Today’s expiration of a federal law banning the manufacture and importation of semiautomatic assault weapons has local police at odds with area gun dealers.
Police say the expiration of the ban will threaten the safety of the public by making guns typically used by militaries or police officers more available to drug dealers and other criminals. Local gun dealers argue that the ban was unnecessary to the point that it never even affected sales.
“It was just another feel-good law,” said Howell Copp, the owner of Howell’s Gun and Archery Center in Gray. “So the fact that it is expiring is really not a big thing.”
Signed by President Clinton in 1994, the ban outlawed the future manufacture and import sales of 19 specific weapons with military-style features. It also barred manufacturers from making high-capacity magazines that can hold more than 10 rounds of ammunition.
The legislation included an expiration date of Sept. 13, 2004.
Although President Bush supports the ban, he hasn’t pressured lawmakers to do so.
Supporters of the ban say the president’s inaction is the result of intense lobbying by the National Rifle Association and the pressures of a close presidential election.
“The NRA has said it won’t endorse Bush if he signs the ban,” said Cathie Whittenburg, executive director of Maine Citizens Against Handgun Violence. “He’s trying to play it both ways and he’s hoping that people won’t notice.”
Whittenburg and other supporters of the ban, including most of Maine’s police chiefs, say the ban is needed to protect the lives of innocent people.
Semiautomatic assault weapons are designed to fire bullets at rapid speed, reducing the number of times the shooter has to stop and reload. In addition, the guns can have features such as silencers, folding stocks, flash suppressers and bayonets.
The ban outlaws any semiautomatic assault weapon with two or more of those features.
“I believe there are legitimate people who collect these guns and use them for target practice,” said Lewiston police Chief William Welch. “But they always get into the wrong hands.”
Welch cited federal statistics showing that crimes involving assault weapons declined by as much as two-thirds since the law went into effect.
Local gun dealers see it differently.
They claim the ban hardly changed anything in Maine, because it allowed dealers to continue selling the high-powered guns or large-capacity magazines they had in stock before the law went into effect.
Although the prices on some of the equipment went up as a result of the ban and will likely go down when the ban expires, the dealers do not expect the remaining inventory to sell off any faster.
“I don’t think it’s going to affect my business that much,” said Doris Stanley, owner of Center Fire Gun Shop in Livermore.
Robert Brown, the owner of Stone Gunshop in Buckfield, wondered if the ban might even have the opposite effect, making the semiautomatic weapons less appealing to customers.
“It’s a novelty-type thing,” he said. “Just because the government tells people they can’t have one, they want it.”
Local gun dealers say people buy them for target practice, shooting competitions and home protection.

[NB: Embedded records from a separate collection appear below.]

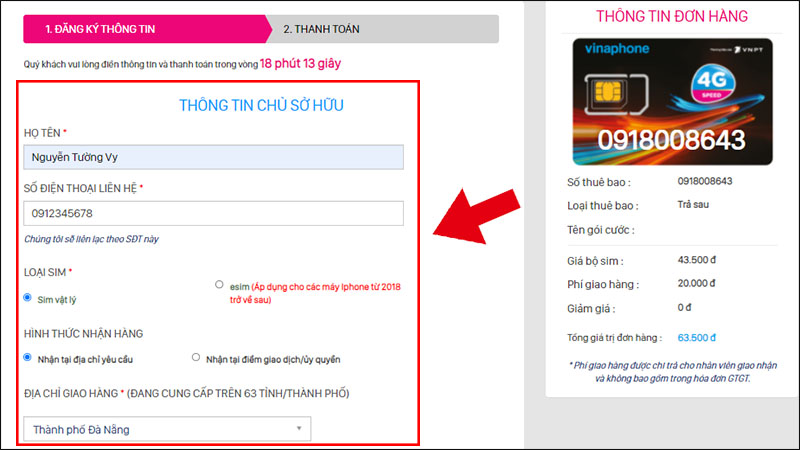 Điền các thông tin cần thiết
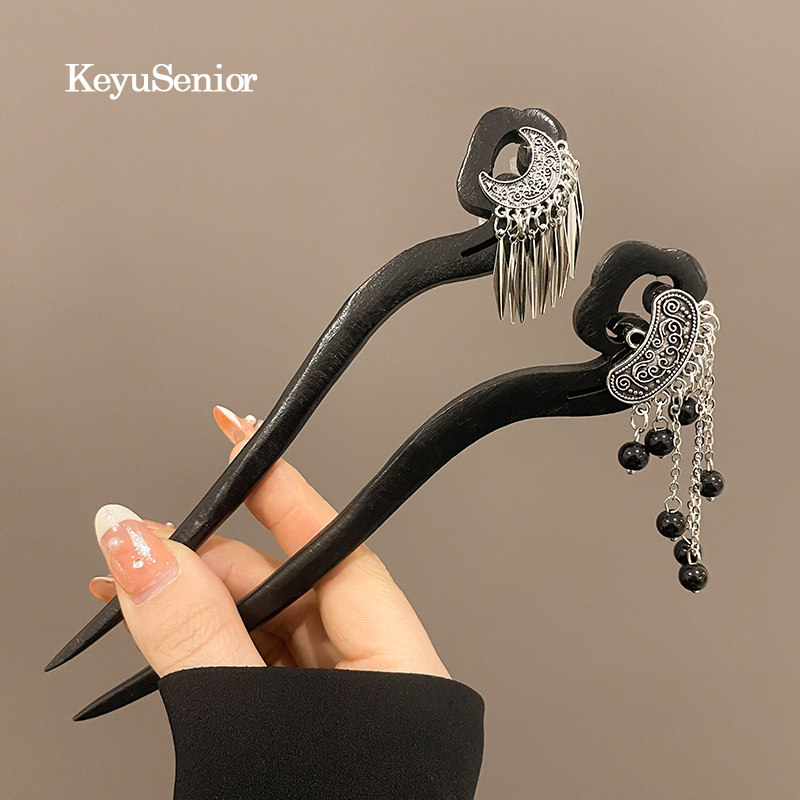 木簪古风新中式发簪女高级感马面裙檀木旗袍步摇盘发流苏汉服头饰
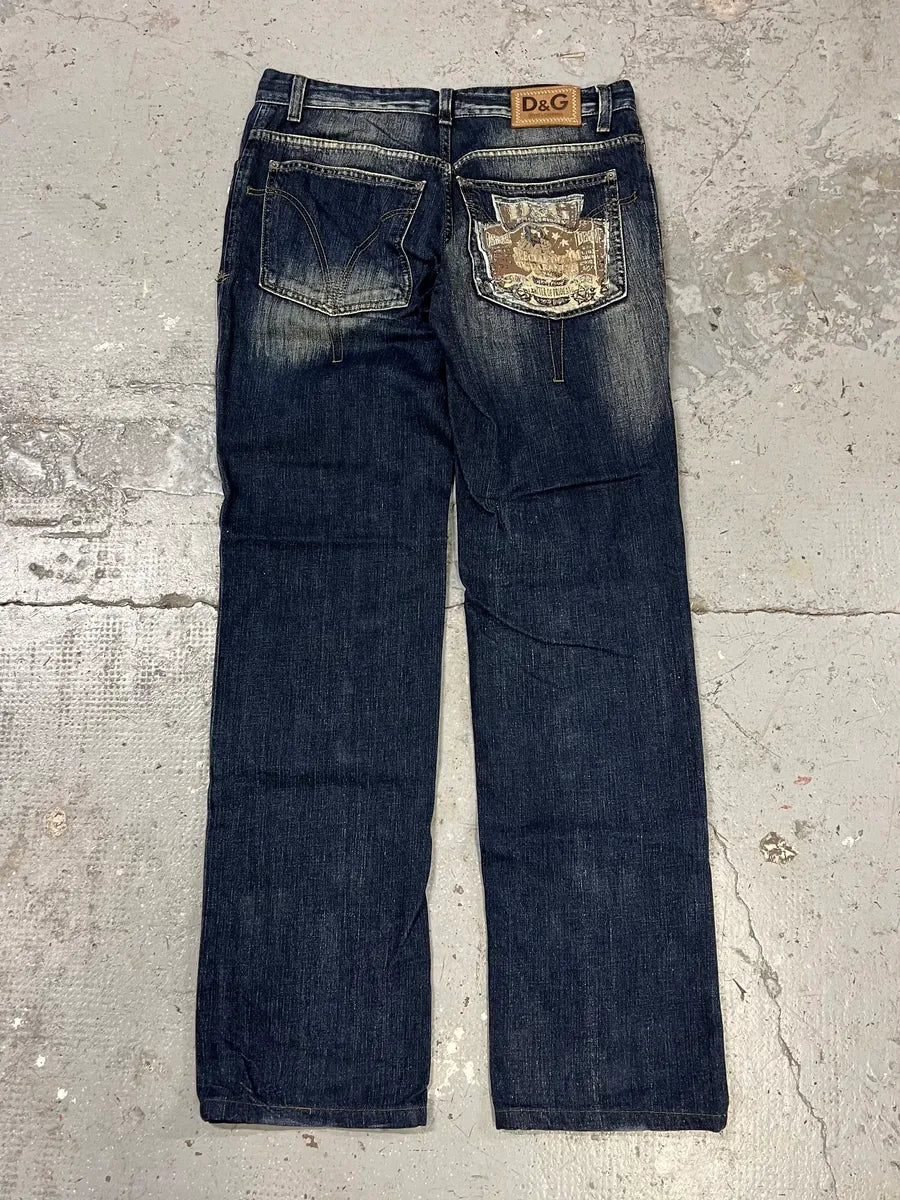 SS2006 Dolce & Gabbana Slash Contemporary Navy Denim Jeans (M) LbzMFta 8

“The best gun for a police officer is the best gun for someone trying to protect themselves,” Howell said.
Whittenburg, of the Maine Citizens Against Handgun Violence, doesn’t buy the argument that people need guns that can fire up to 30 bullets in five seconds to protect themselves.
“If you are going to be shooting these guns off in your house, bullets will be flying through walls and everywhere else,” she said. “People buy these guns because it’s fun to blow things up with them.”
Even though gun dealers may still have them in stock, Whittenburg said, it is unreasonable to believe that the expiration of the ban will not make them more accessible to people who misuse them.
Welch could not recall a shooting in Lewiston that involved a semiautomatic assault weapon. But police have confiscated them from drug dealers and other criminals, he said.